Re: [PATCH v2 7/7] KVM: arm64: Create a fast stage-2 unmap path

Raghavendra Rao Ananta <rananta@xxxxxxxxxx> · Tue, 4 Apr 2023 10:52:01 -0700



On Wed, Mar 29, 2023 at 5:42 PM Oliver Upton <oliver.upton@xxxxxxxxx> wrote:
>
> On Mon, Feb 06, 2023 at 05:23:40PM +0000, Raghavendra Rao Ananta wrote:
> > The current implementation of the stage-2 unmap walker
> > traverses the entire page-table to clear and flush the TLBs
> > for each entry. This could be very expensive, especially if
> > the VM is not backed by hugepages. The unmap operation could be
> > made efficient by disconnecting the table at the very
> > top (level at which the largest block mapping can be hosted)
> > and do the rest of the unmapping using free_removed_table().
> > If the system supports FEAT_TLBIRANGE, flush the entire range
> > that has been disconnected from the rest of the page-table.
> >
> > Suggested-by: Ricardo Koller <ricarkol@xxxxxxxxxx>
> > Signed-off-by: Raghavendra Rao Ananta <rananta@xxxxxxxxxx>
> > ---
> >  arch/arm64/kvm/hyp/pgtable.c | 44 ++++++++++++++++++++++++++++++++++++
> >  1 file changed, 44 insertions(+)
> >
> > diff --git a/arch/arm64/kvm/hyp/pgtable.c b/arch/arm64/kvm/hyp/pgtable.c
> > index 0858d1fa85d6b..af3729d0971f2 100644
> > --- a/arch/arm64/kvm/hyp/pgtable.c
> > +++ b/arch/arm64/kvm/hyp/pgtable.c
> > @@ -1017,6 +1017,49 @@ static int stage2_unmap_walker(const struct kvm_pgtable_visit_ctx *ctx,
> >       return 0;
> >  }
> >
> > +/*
> > + * The fast walker executes only if the unmap size is exactly equal to the
> > + * largest block mapping supported (i.e. at KVM_PGTABLE_MIN_BLOCK_LEVEL),
> > + * such that the underneath hierarchy at KVM_PGTABLE_MIN_BLOCK_LEVEL can
> > + * be disconnected from the rest of the page-table without the need to
> > + * traverse all the PTEs, at all the levels, and unmap each and every one
> > + * of them.

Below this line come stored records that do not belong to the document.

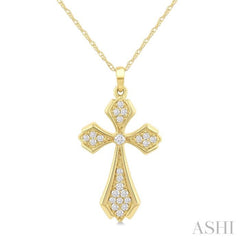1/6 Ctw Cross Round Cut Diamond Fashion Pendant With Chain in 10K Yellow Gold 1/6 Ctw Cross Round Cut Diamond Fashion Pendant With Chain in 10K Yellow Gold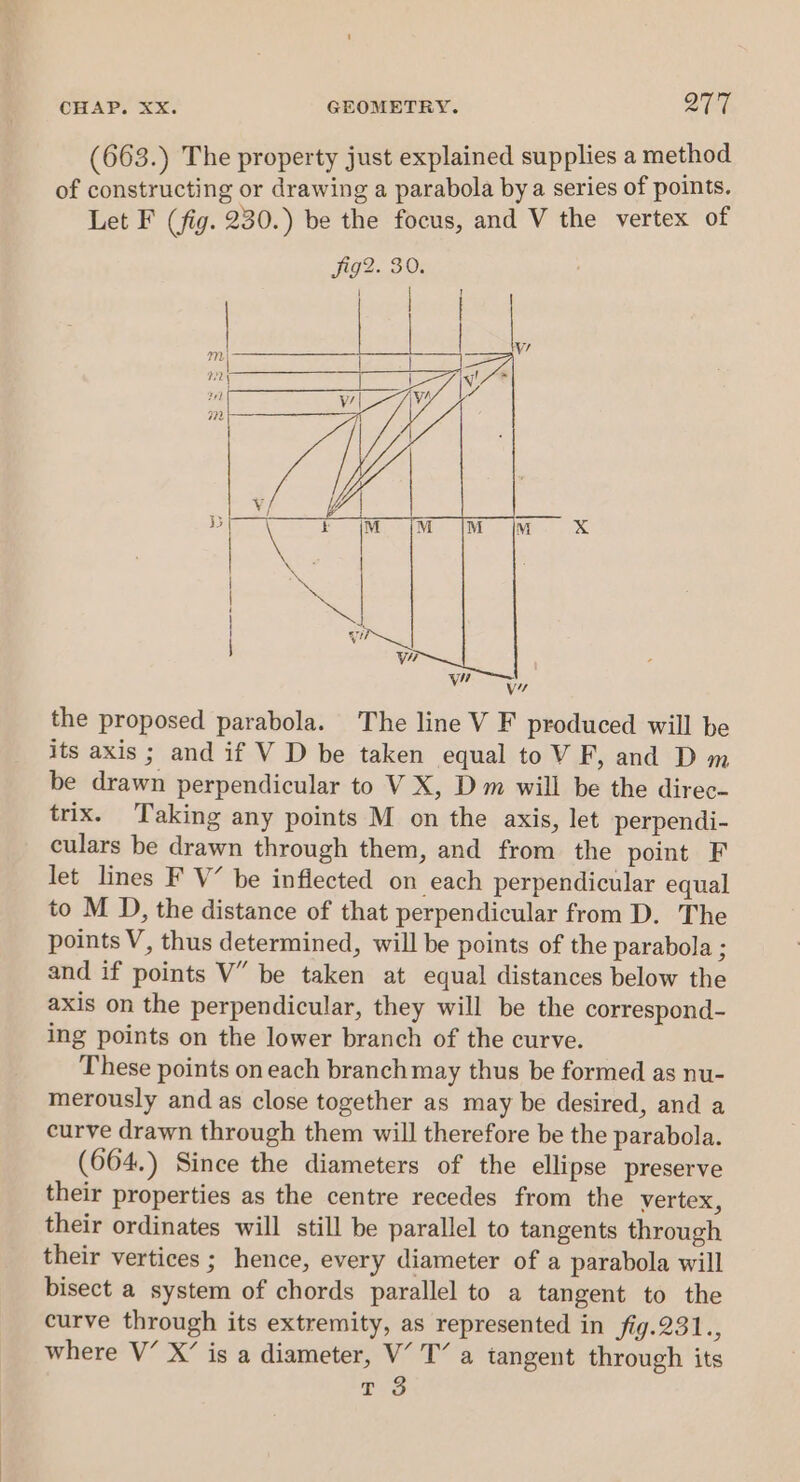 (663.) The property just explained supplies a method of constructing or drawing a parabola bya series of points. Let F (fig. 230.) be the focus, and V the vertex of the proposed parabola. The line V F produced will be its axis; and if V D be taken equal to V F, and D m be drawn perpendicular to VX, Dm will be the direc- trix. Taking any points M on the axis, let perpendi- culars be drawn through them, and from the point F let lines F V’ be inflected on each perpendicular equal to M D, the distance of that perpendicular from D. The points V, thus determined, will be points of the parabola ; and if points V” be taken at equal distances below the axis on the perpendicular, they will be the correspond- ing points on the lower branch of the curve. These points on each branch may thus be formed as nu- merously and as close together as may be desired, and a curve drawn through them will therefore be the parabola. (664.) Since the diameters of the ellipse preserve their properties as the centre recedes from the vertex, their ordinates will still be parallel to tangents through their vertices; hence, every diameter of a parabola will bisect a system of chords parallel to a tangent to the curve through its extremity, as represented in fig.231., where V’ X’ is a diameter, V’ T’ a tangent through its tT 3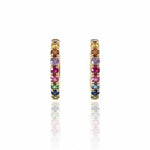 Rainbow Multigem Petite Huggie Earrings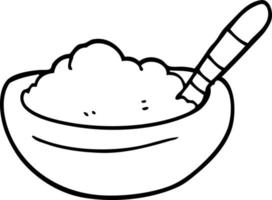 Strichzeichnung Cartoon Schüssel Kartoffelpüree vektor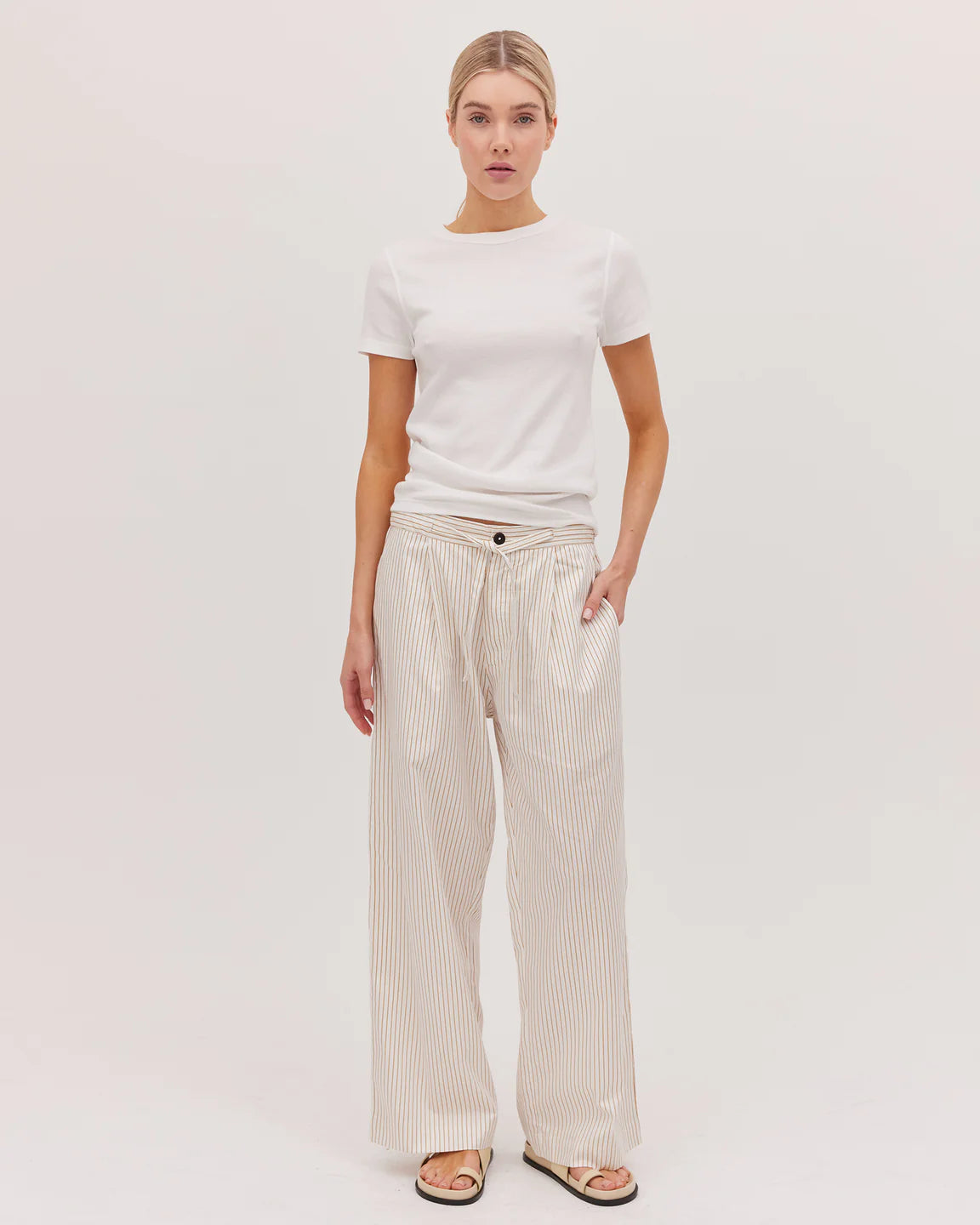 “Drawstring Tailored Pant - Gold Stripe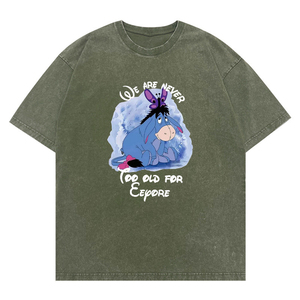 2025 Unisexx Vintage Cartoon <strong>Winnie</strong> <strong>Pooh</strong> Graphic Tee Washed Knitted T-Shirt with Classic for Cartoon Character Eeyore <strong>Print</strong> - Product Image 4
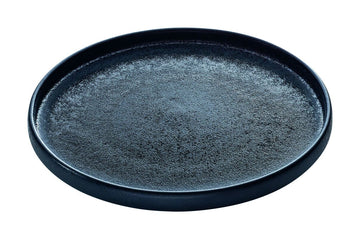 Black Flat Round Plate 8.3" dia. Nara by Playground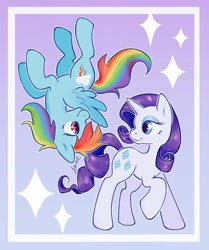 Size: 1436x1720 | Tagged: safe, artist:arnie_mae_, rainbow dash, rarity, pegasus, pony, unicorn, g4, duo, duo female, female, gradient background, horn, lesbian, ship:raridash, shipping, smiling, sparkles, spread wings, upside down, wings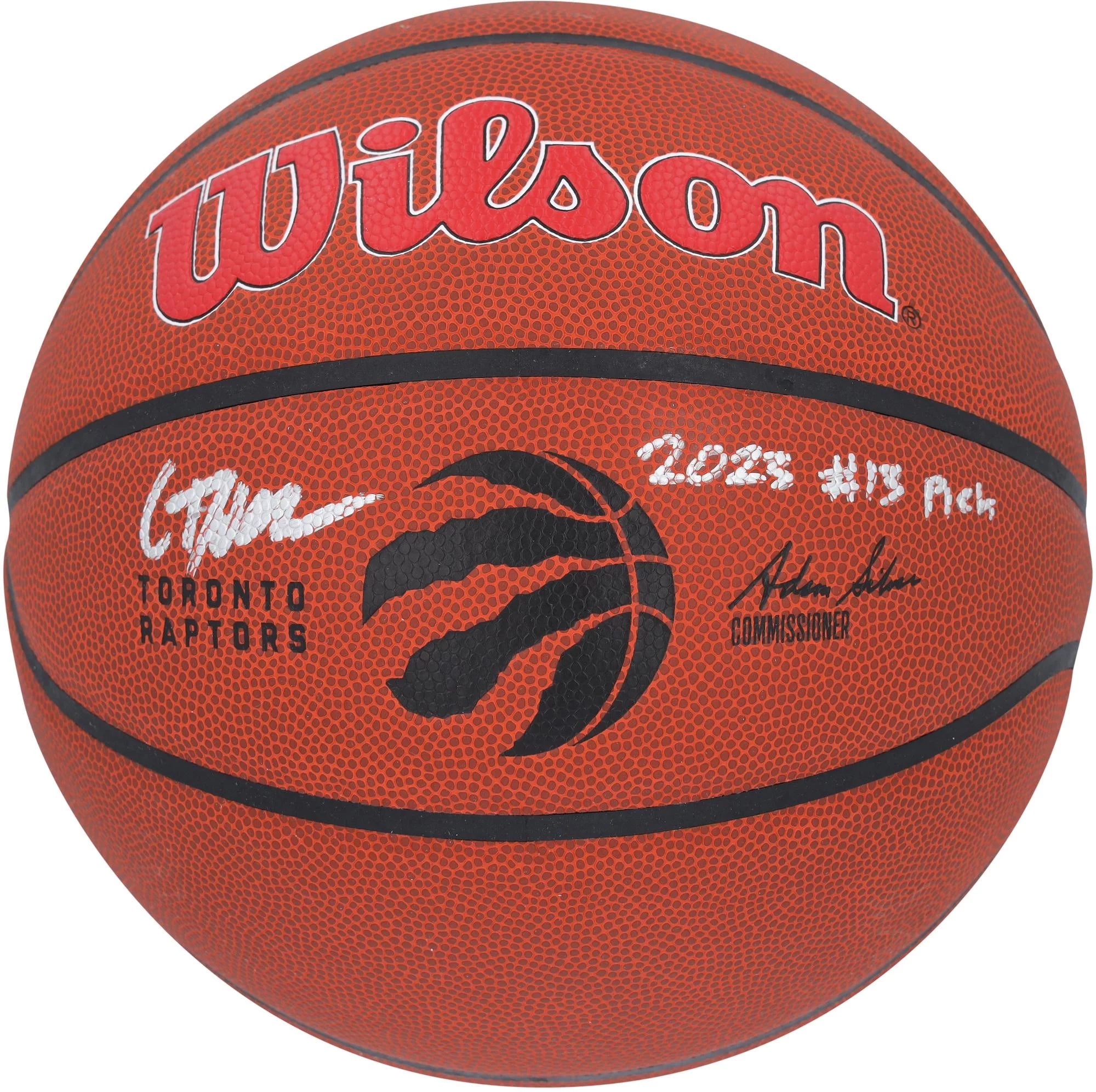 Gradey Dick Toronto Raptors Autographed Wilson Team Logo Basketball with 2023 #13 Pick Inscription - Fanatics Authentic Certified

The disconnected table is freed using free_removed_table().
> > + */
> > +static int fast_stage2_unmap_walker(const struct kvm_pgtable_visit_ctx *ctx,
> > +                            enum kvm_pgtable_walk_flags visit)
> > +{
> > +     struct kvm_pgtable_mm_ops *mm_ops = ctx->mm_ops;
> > +     kvm_pte_t *childp = kvm_pte_follow(ctx->old, mm_ops);
> > +     struct kvm_s2_mmu *mmu = ctx->arg;
> > +
> > +     if (!kvm_pte_valid(ctx->old) || ctx->level != KVM_PGTABLE_MIN_BLOCK_LEVEL)
> > +             return 0;
> > +
> > +     if (!stage2_try_break_pte(ctx, mmu))
> > +             return -EAGAIN;
> > +
> > +     /*
> > +      * Gain back a reference for stage2_unmap_walker() to free
> > +      * this table entry from KVM_PGTABLE_MIN_BLOCK_LEVEL - 1.
> > +      */
> > +     mm_ops->get_page(ctx->ptep);
>
> Doesn't this run the risk of a potential UAF if the refcount was 1 before
> calling stage2_try_break_pte()? IOW, stage2_try_break_pte() will drop
> the refcount to 0 on the page before this ever gets called.
>
> Also, AFAICT this misses the CMOs that are required on systems w/o
> FEAT_FWB. Without them it is possible that the host will read something
> other than what was most recently written by the guest if it is using
> noncacheable memory attributes at stage-1.
>
> I imagine the actual bottleneck is the DSB required after every
> CMO/TLBI. Theoretically, the unmap path could be updated to:
>
>  - Perform the appropriate CMOs for every valid leaf entry *without*
>    issuing a DSB.
>
>  - Elide TLBIs entirely that take place in the middle of the walk
>
>  - After the walk completes, dsb(ish) to guarantee that the CMOs have
>    completed and the invalid PTEs are made visible to the hardware
>    walkers. This should be done implicitly by the TLBI implementation
>
>  - Invalidate the [addr, addr + size) range of IPAs
>
> This would also avoid over-invalidating stage-1 since we blast the
> entire stage-1 context for every stage-2 invalidation. Thoughts?
>
Correct me if I'm wrong, but if we invalidate the TLB after the walk
is complete, don't you think there's a risk of race if the guest can
hit in the TLB even though the page was unmapped?

Thanks,
Raghavendra

Raghavendra
> > +     mm_ops->free_removed_table(childp, ctx->level);
> > +     return 0;
> > +}
> > +
>
> --
> Thanks,
> Oliver